Similarity search on Wikipedia using gensim in Python.
The goals of this project are the following two features:
- Create LSI vector representations of all the articles in English Wikipedia using a modified version of the make_wikicorpus.py script in gensim.
- Perform concept searches and other fun text analysis on Wikipedia, also using gensim functionality.
I started with the make_wikicorpus.py script from gensim, and the results of my script are nearly identical.
My changes were the following:
- I broke out each of the steps and commented the hell out of them to explain what was going on in each.
- For clarity and simplicity, I removed the "online" mode of operation.
- I modified the script to save out the names of all of the Wikipedia articles as well, so that you could perform searches against the dataset and get the names of the matching articles.
- I added the conversion to LSI step.
I pulled down the latest Wikipedia dump on 1/18/17; here are some statistics on it:
17,180,273 | Total number of articles (without any filtering) |
4,198,780 | Number of articles after filtering out "article redirects" and "short stubs" |
2,355,066,808 | Total number of tokens in all articles (without any filtering) |
2,292,505,314 | Total number of tokens after filtering articles |
8,746,676 | Total number of unique words found in all articles (*after* filtering articles) |
Vectorizing all of Wikipedia is a fairly lengthy process, and the data files are large.

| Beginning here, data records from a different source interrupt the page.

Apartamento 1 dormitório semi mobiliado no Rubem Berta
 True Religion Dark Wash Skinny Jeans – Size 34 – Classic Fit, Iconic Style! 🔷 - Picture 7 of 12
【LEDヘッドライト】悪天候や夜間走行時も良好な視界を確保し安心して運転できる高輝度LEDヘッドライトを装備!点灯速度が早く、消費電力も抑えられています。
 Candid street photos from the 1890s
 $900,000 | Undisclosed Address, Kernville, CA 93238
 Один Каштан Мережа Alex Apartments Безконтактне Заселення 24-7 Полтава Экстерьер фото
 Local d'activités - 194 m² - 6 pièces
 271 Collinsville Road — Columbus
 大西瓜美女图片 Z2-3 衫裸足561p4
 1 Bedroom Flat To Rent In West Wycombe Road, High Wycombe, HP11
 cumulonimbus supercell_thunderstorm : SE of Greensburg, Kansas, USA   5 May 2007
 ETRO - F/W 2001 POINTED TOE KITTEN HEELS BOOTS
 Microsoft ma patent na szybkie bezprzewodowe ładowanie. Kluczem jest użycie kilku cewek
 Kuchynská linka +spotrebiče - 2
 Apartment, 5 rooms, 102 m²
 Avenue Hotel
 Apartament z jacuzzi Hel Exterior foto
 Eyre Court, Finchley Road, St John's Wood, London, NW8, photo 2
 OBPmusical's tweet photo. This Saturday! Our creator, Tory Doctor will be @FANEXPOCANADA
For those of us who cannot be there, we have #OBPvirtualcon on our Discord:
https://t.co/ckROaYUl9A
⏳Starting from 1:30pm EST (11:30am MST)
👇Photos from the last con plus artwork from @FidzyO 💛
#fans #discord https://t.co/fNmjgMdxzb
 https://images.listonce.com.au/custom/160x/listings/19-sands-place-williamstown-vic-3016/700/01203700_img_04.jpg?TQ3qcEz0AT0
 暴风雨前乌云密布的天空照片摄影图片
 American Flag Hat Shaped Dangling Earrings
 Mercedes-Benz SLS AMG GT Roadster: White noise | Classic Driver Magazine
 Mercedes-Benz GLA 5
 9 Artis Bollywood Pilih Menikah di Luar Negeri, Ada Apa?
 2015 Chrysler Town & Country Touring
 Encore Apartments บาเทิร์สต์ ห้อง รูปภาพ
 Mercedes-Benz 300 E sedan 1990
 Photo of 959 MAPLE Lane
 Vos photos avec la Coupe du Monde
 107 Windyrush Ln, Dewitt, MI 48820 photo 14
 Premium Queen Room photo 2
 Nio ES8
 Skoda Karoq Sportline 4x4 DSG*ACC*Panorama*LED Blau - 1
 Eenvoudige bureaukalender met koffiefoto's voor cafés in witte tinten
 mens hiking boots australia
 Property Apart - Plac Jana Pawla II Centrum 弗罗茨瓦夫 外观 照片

Here is what you can expect from each step of the process.
These numbers are from running on my desktop PC, which has an Intel Core i7 4770, 16GB of RAM, and an SSD.
# | Step | Time (h:m) | Output File | File Size |
0 | Download Wikipedia Dump | -- | enwiki-latest-pages-articles.xml.bz2 | 12.6 GB |
1 | Parse Wikipedia & Build Dictionary | 3:12 | dictionary.txt.bz2 | 769 KB |
2 | Convert articles to bag-of-words vectors | 3:32 | bow.mm | 9.44 GB |
2a. | Store article titles | -- | bow.mm.metadata.cpickle | 152 MB |
3 | Learn tf-idf model from document statistics | 0:47 | tfidf.tfidf_model | 4.01 MB |
4 | Convert articles to tf-idf | 1:40 | corpus_tfidf.mm | 17.9 GB |
5 | Learn LSI model with 300 topics | 2:07 | lsi.lsi_model | 3.46 MB |
lsi.lsi_model.projection | 3 KB | |||
lsi.lsi_model.projection.u.npy | 228 MB | |||
6 | Convert articles to LSI | 0:58 | lsi_index.mm | 1 KB |
lsi_index.mm.index.npy | 4.69 GB | |||
TOTALS | 12:16 | 45 GB |
I recommend converting the LSI vectors directly to a MatrixSimilarity class rather than performing the intermediate step of creating and saving an "LSI corpus". If you do, it takes longer and the resulting file is huge:
6 | Convert articles to LSI and save as MmCorpus | 2:34 | corpus_lsi.mm | 33.2 GB |
The final LSI matrix is pretty huge. We have ~4.2M articles with 300 features, and the features are 32-bit (4-byte) floats.
To store this matrix in memory, we need (4.2E6 * 300 * 4) / (2^30) = 4.69GB of RAM!
Once the script is done, you can delete bow.mm (9.44 GB), but the rest of the data you'll want to keep for performing searches.
Before running the script, download the latest Wikipedia dump here: https://dumps.wikimedia.org/enwiki/latest/enwiki-latest-pages-articles.xml.bz2
Save the dump file in the ./data/ directory of this project.
Then, run make_wikicorpus.py
to fully parse Wikipedia and generate the LSI index!
The script enables gensim logging, and saves all the logging to log.txt
in the project directory. I've included an example log.txt in the project. You can open this log while the script is running to get more detailed progress updates.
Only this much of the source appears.